Exercise –
Any pictures should be dropped; everything else in the records is to be returned exactly.

Data excerpts –
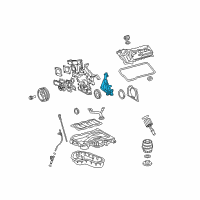 OEM 2014 Lexus RX450h Cover, Oil Pump Diagram - 15115-0P030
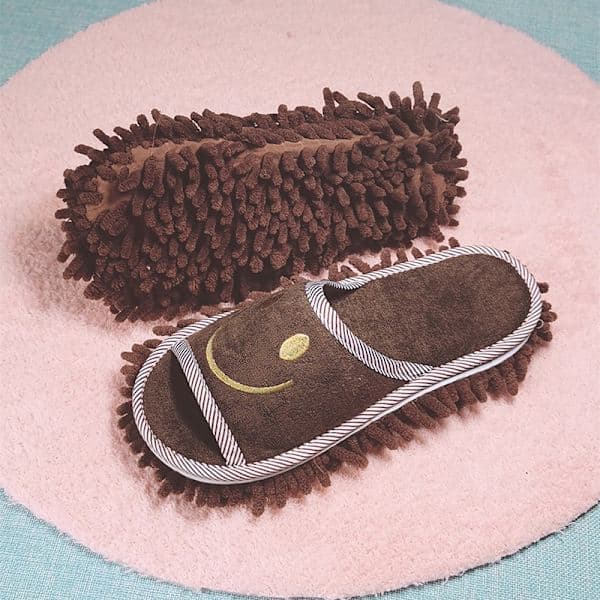Smile Face Moppekopper Vaskbare Rengørings Gulv Støv Moppekopper Kaffe OENSIZE Coffee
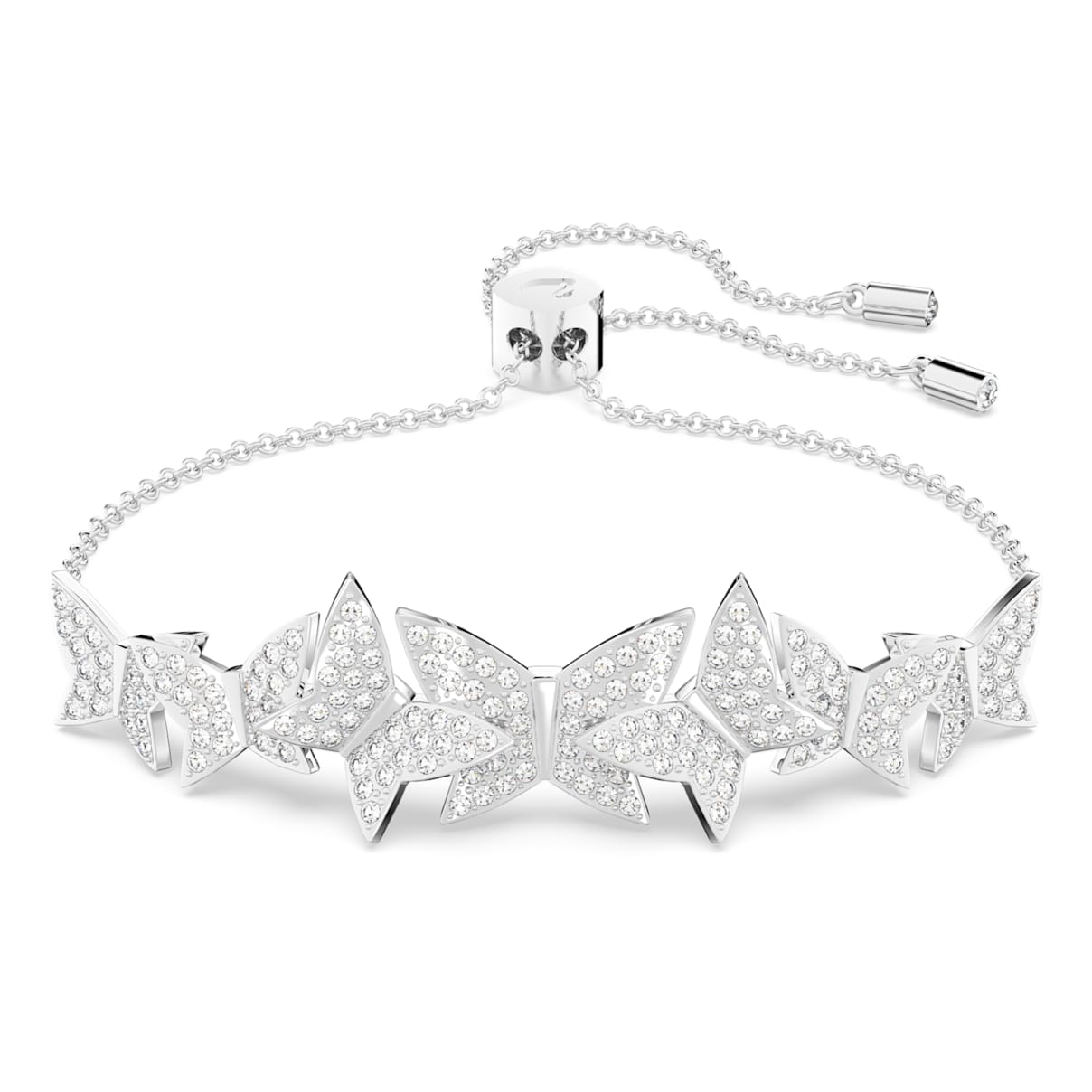 IDYLLIA LILIA BRACELET BUTTERFLY WHITE RHODIUM PLATED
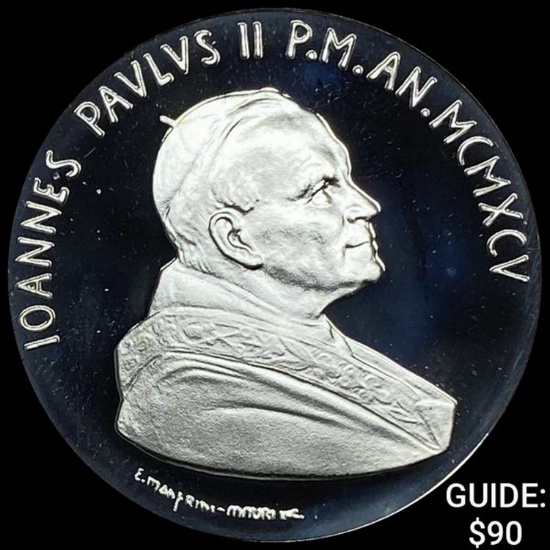 1995 Vatican City Silver 10,000 Lira CHOICE PROOF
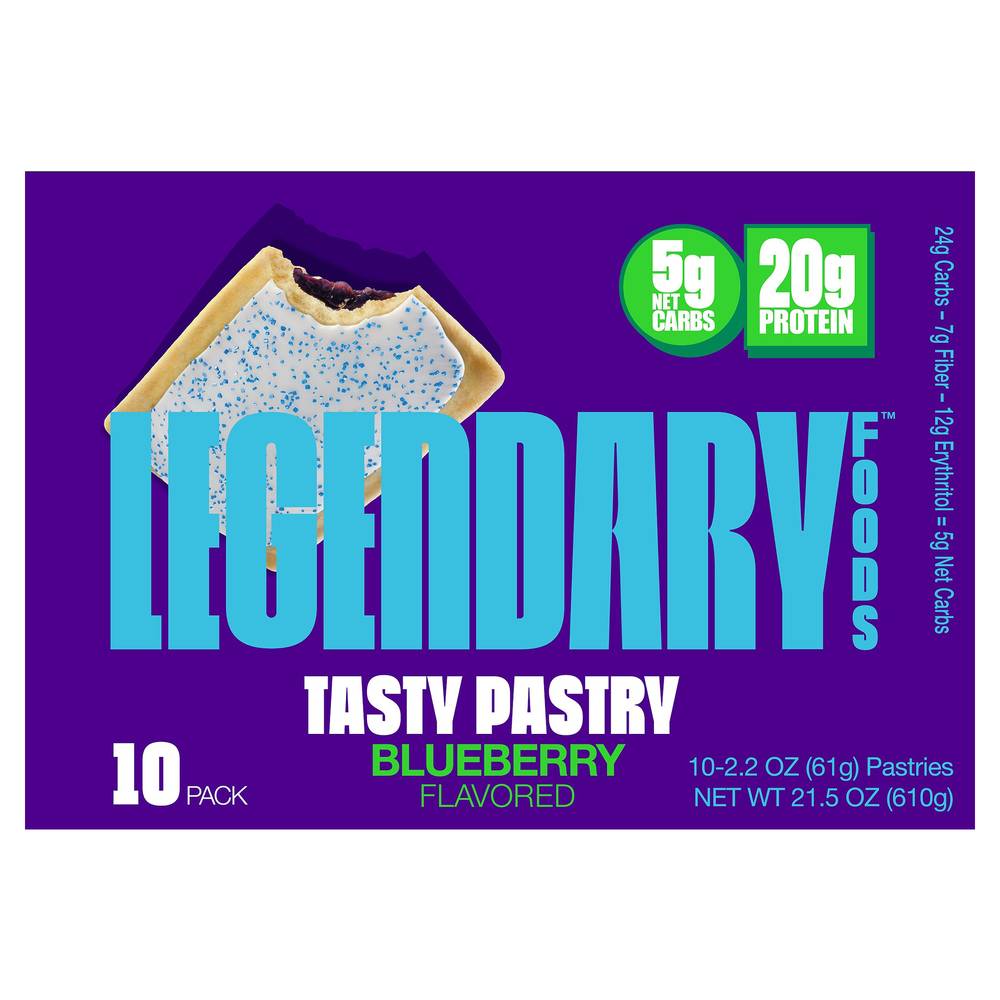 Legendary Foods Tasty Pastry (blueberry ) (10 ct)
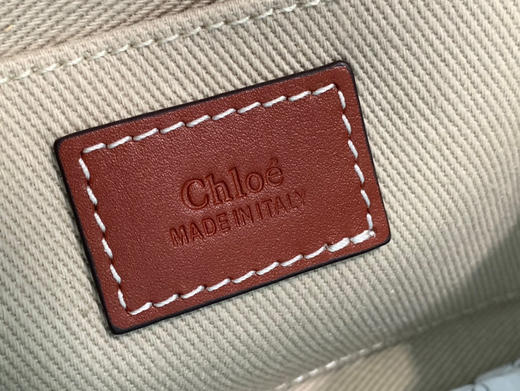 Chloe.woody mini托特-棕色 商品图7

Output –
 OEM 2014 Lexus RX450h Cover, Oil Pump Diagram - 15115-0P030
Smile Face Moppekopper Vaskbare Rengørings Gulv Støv Moppekopper Kaffe OENSIZE Coffee
 IDYLLIA LILIA BRACELET BUTTERFLY WHITE RHODIUM PLATED
 1995 Vatican City Silver 10,000 Lira CHOICE PROOF
 Legendary Foods Tasty Pastry (blueberry ) (10 ct)
 Chloe.woody mini托特-棕色 商品图7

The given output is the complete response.